Les médecins ont choisi entre 3 régimes de chimiothérapie : 4 cycles de doxorubicine/cyclophosphamide, doxorubicine/cyclophosphamide liposomale non pégylée ou docétaxel/cyclophosphamide, administrés toutes les 3 semaines avec du G-CSF. L'hormonothérapie consistait en 5 ans d'inhibiteur de l'aromatase, de tamoxifène ou d'une séquence liée à la tolérance.
L’objectif principal était de démontrer un bénéfice de survie globale (SG) lié à la chimiothérapie dans la population en intention de traiter.
Entre avril 2012 et mai 2016, 1 969 patientes de 61 centres français et 12 centres belges ont été enrôlées dans l’étude. Parmi elles, 1 089 (55 %) ont été randomisées dans l’un des deux bras de l’étude. Le suivi médian était de 5,8 ans à la date limite des données (17/12/2021). L'âge médian était de 75 ans (70-92). Les tumeurs étaient ≥ pT2, pN+, rechutes locales isolées, de grade histologique III, respectivement dans 56 %, 46 %, 11 % et 39 % des cas.
Aucune différence significative de survie globale n'a été observée entre les bras (RR 0,85 [0,64-1,13], p=0,2538). La SG à 4 ans était de 90,5 % dans le bras chimiothérapie plus thérapie endocrine et de 89,7 % dans le bras thérapie endocrine seule. Les chercheurs n’ont pas pu identifier de sous-groupe tirant un bénéfice significatif de la chimiothérapie.
« C’est la première fois que l’on dispose d’une étude d’une telle ampleur au sein d’une population qui est habituellement exclue des essais cliniques », a commenté le Dr Brain qui ajoute : « Nos résultats interrogent sur la désescalade thérapeutique chez certaines de nos patientes âgées et sur le biais considérable de nos attitudes, recourant par défaut, sans démonstration, aux mêmes standards que chez nos patientes plus jeunes. La masse d’informations recueillies dans Aster 70s va permettre d’étudier les ajustements et les adaptations nécessaires de ces traitements, souvent sur-prescrits comme la chimiothérapie ».

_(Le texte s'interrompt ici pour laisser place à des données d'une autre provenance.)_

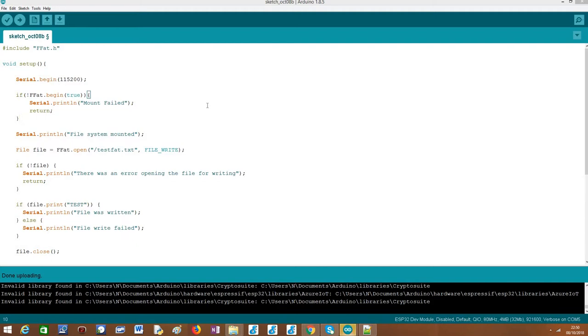Hello, in this tutorial I'm going to explain how to read a file previously written on the FAT file system on the ESP32. We'll do this by using the Arduino core.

Le prix ASCO B.J. Kennedy Geriatric Oncology Award 2022 décerné au Dr E. Brain
Ce prix récompense un médecin pour ses contributions exceptionnelles à la recherche, au diagnostic et au traitement des cancers chez les personnes âgées, et en reconnaissance de son animation internationale de la thématique sur le plan éducationnel et politique.
« Je suis très fier de ce prix qui m’est décerné aujourd’hui car c’est l’aboutissement de nombreux travaux menés depuis plusieurs années pour la prise en charge des personnes âgée atteintes de cancers, notamment celles présentant un cancer du sein. Il faut poursuivre le développement d’une recherche clinique spécifique pour cette population âgée », a déclaré le Dr Etienne Brain.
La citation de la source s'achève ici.